Christa strolled through the Denver Art Museum on our due date yesterday. She is letting gravity work as the baby begins to inch lower toward the effacing and dilating cervix. She no longer simply walks but is finally waddling around the house. And she is adorable. Its been a beautiful progression to watch her body grow to accommodate the little one. In her preparation for the labor and delivery, she has picked out comfortable clothes, a camera, midget baby clothes, snacks and music. She selected some classical, folk and worship music. Accompanied by prayers, talk, tears and laughter, the room will have music to soothe mama as she lets her body work its magic. The setting should be just like mama wants it. I will do my best to make sure she is comfortable, encouraged, hydrated, soothed, prayed over and determined-- to work together to push Pipsqueak out. This will be the hardest thing we've ever been through.
The best thing. And we won't ever forget it.

The setting reminds me of a time in college.
200 feet west of Colorado State University’s campus sits a small medical office. On a cold Tuesday morning, I am buzzed into the facility. Safe from the outside wintry chill is a cozy operating room. I am the quiet male observer alongside a doctor, a nurse, the pregnant mother.
And the music. It is soothing music. Sounds of nature, peaceful melodies and calming tones.
The music is still with me now.
The music is used to distract the mother, to relax the mother. She lays before us, quiet and looking to the ceiling. Despite the music, it is absolutely evident the mother is not distracted from what she is doing and not relaxed; it is clear to me she is not soothed and not at peace. She is about to be changed and she won't be the same person when she's done.
She is in desperate agony.
To her, this could be worse than dying. She is being encouraged, however. The doctor tries to convince the mother that she is doing fine, it will be over soon, her life will go on, she will forget about it all. I am not so sure.
I touch her shoulder. I look into her tearful, scared eyes. I pity her. I did not expect this compassion within me.
It looks like the mother hesitates, almost trying to get off her back. And away from the hands of this calm doctor. To escape this surgery. But the doctor is on a schedule. It is mid-morning and there are many more pregnant ladies to attend to. If the expecting mother was further along, the vacuum would have been engaged.
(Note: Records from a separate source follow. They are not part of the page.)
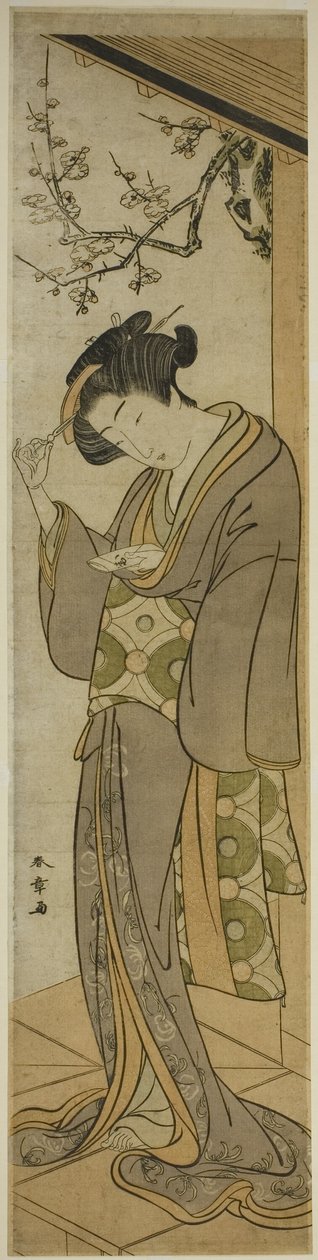 Femme sur une véranda sur le point d
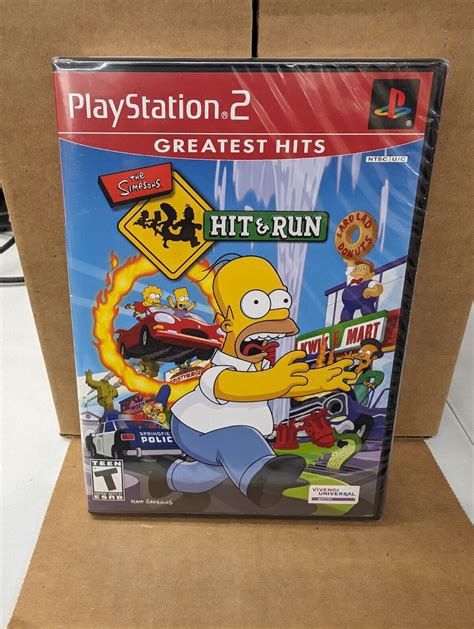 The Simpsons Hit Run Ps New Sealed Read Description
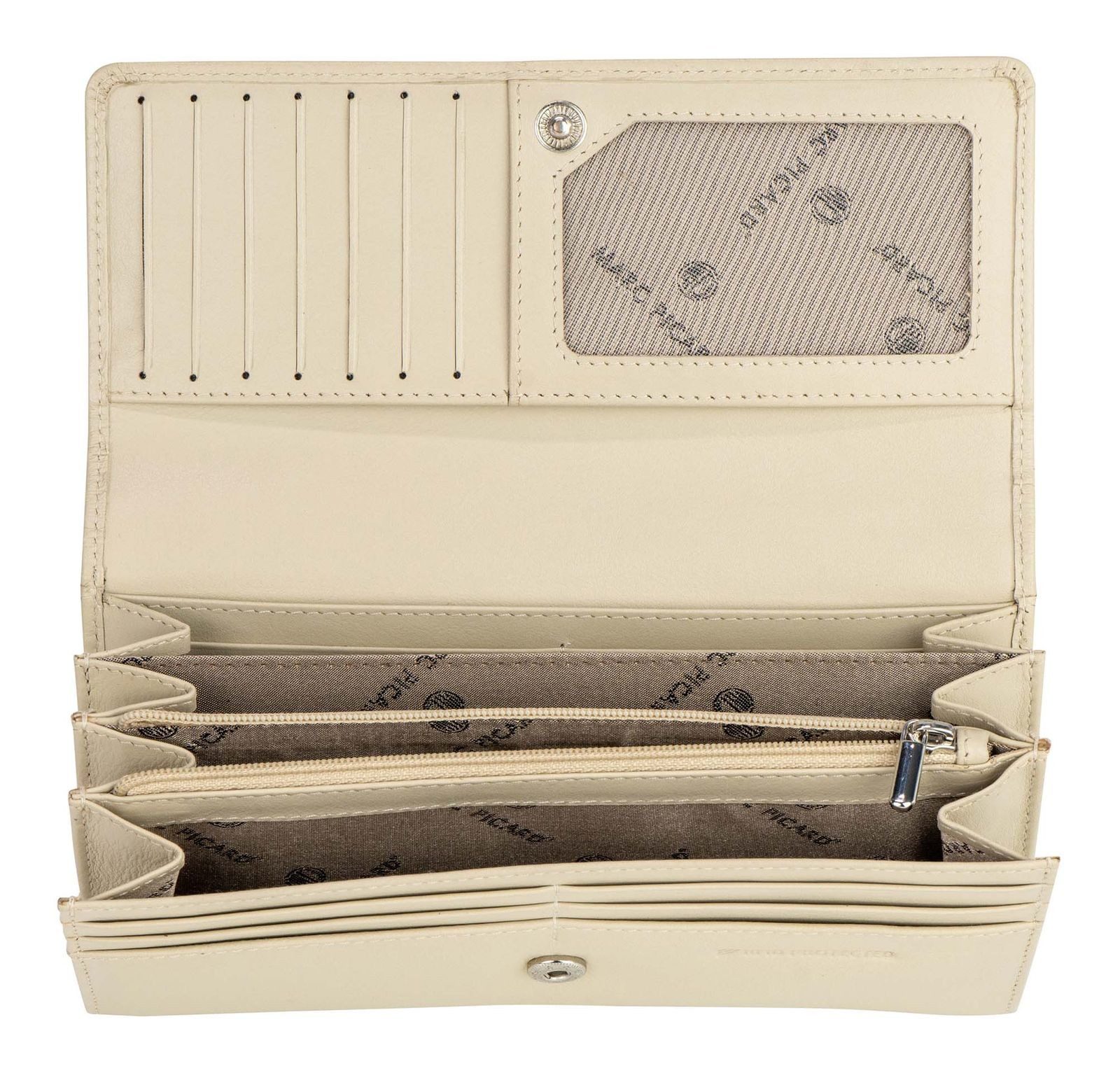 Marc Picard Geldbörse Wallet with Flap, aus echtem Rindsleder mit RFID-Blocker Schutz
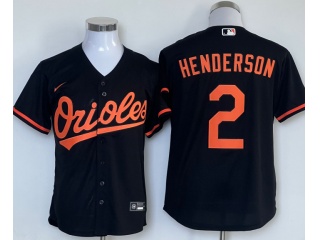 Baltimore Orioles #2 Gunnar Henderson Cool Base Jersey Black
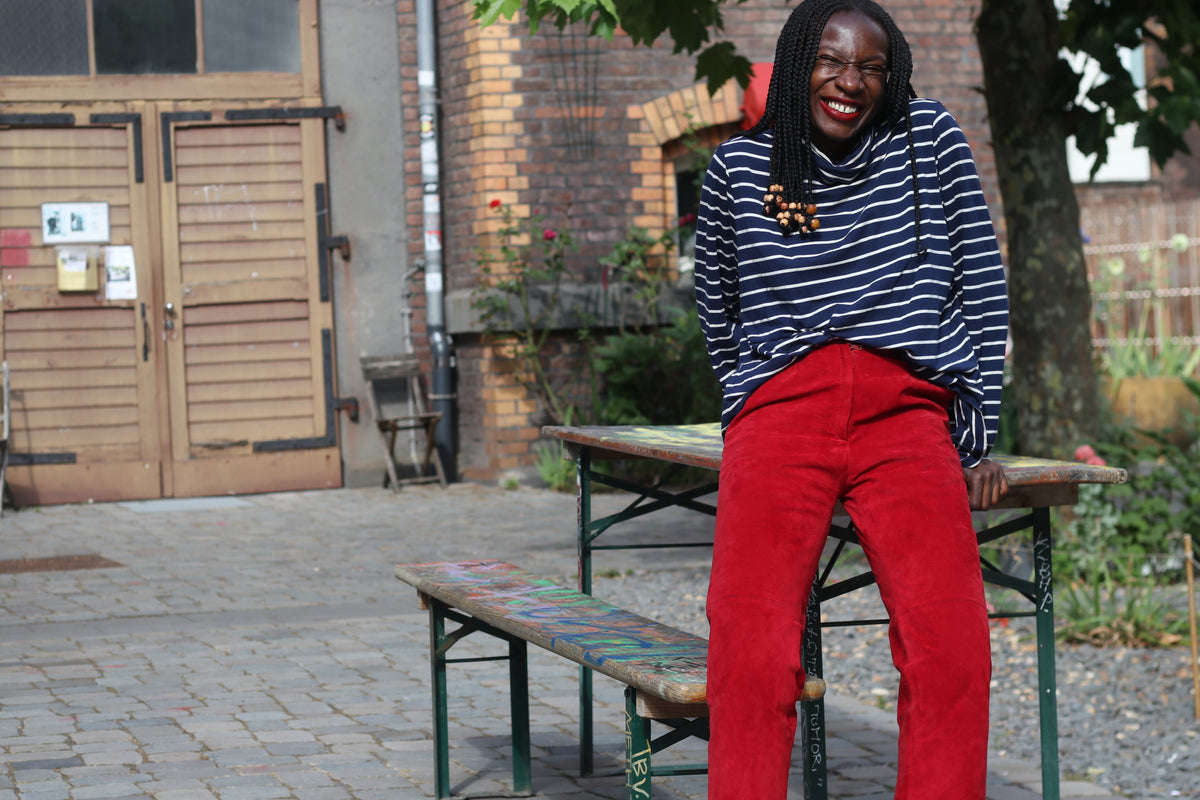 Vintage Suede Trousers - 90s Minimalist Red High Waist Straight Leg XS-S
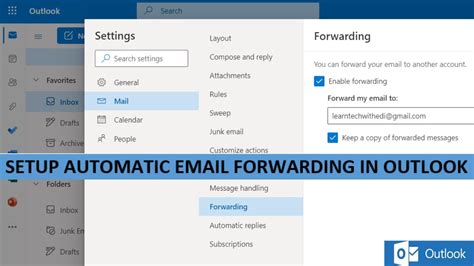 How to setup email forwarding in outlook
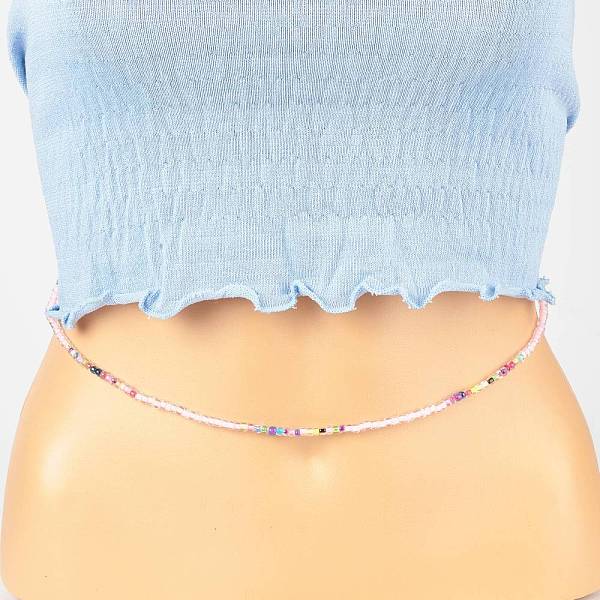 PandaHall Summer Jewelry Waist Bead, Glass Seed Beaded Body Chain, Bikini Jewelry for Woman Girl, Pearl Pink, 31.5~31.7 inch(80~80.5cm)...
PandaHall Summer Jewelry Waist Bead, Glass Seed Beaded Body Chain, Bikini Jewelry for Woman Girl, Pearl Pink, 31.5~31.7 inch(80~80.5cm)...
The vacuum is big as a walk-in closet and due to the frightening sounds, the vacuum unit was installed in a separate room across the hall. It had to be. The music is soothing in our small room and should not be drowned out.
Since she has not quite progressed to the second trimester, instead of the powerful vacuum, a 12-inch syringe is inserted into the mother’s vagina. The doctor whispers encouraging-nothings and the mother hold's tight to the hand of the nurse. I am standing next to her and touch her left shoulder. She is quietly sobbing. The music is not soothing. And I die inside.

As the doctor begins to initiate suction and pull on the living, growing 12-week fetus from the uterine wall, he informs the patient of the importance that he remove all parts of the fetus. This should prevent infection, additional bleeding and other complications.
Minutes later, I follow the nurse into the sink room as she identifies the mangled and detached parts. The sink room smells of alcohol, bleach and formaldehyde. The parts are disposed of and the instruments are cleaned. I observe the nurse's hand touch the dismembered human parts for inspection. Seconds earlier, the mother was gripping for life that same hand.

In the operating room, the music is still playing. The barren, bleeding and broken mother slowly makes her way to her feet. Down the hall she makes her payment, schedules a follow-up appointment for next week and is given additional instructions, medication and a slight smile from the receptionist. An awkward, sad smile that almost says, “try to forget today and don’t tell your friends of the day's torture to your soul.”
The music is still playing as I am debriefed in the office.
It plays as I walk home that afternoon in my scrubs.
I have death inside me. And there is death inside that mother.
Those sights and sounds, the mother's sorrow, his syringe, her sad smile, this story make it difficult to not think of this dark thing inside me.
The worst thing. And we won’t ever forget it.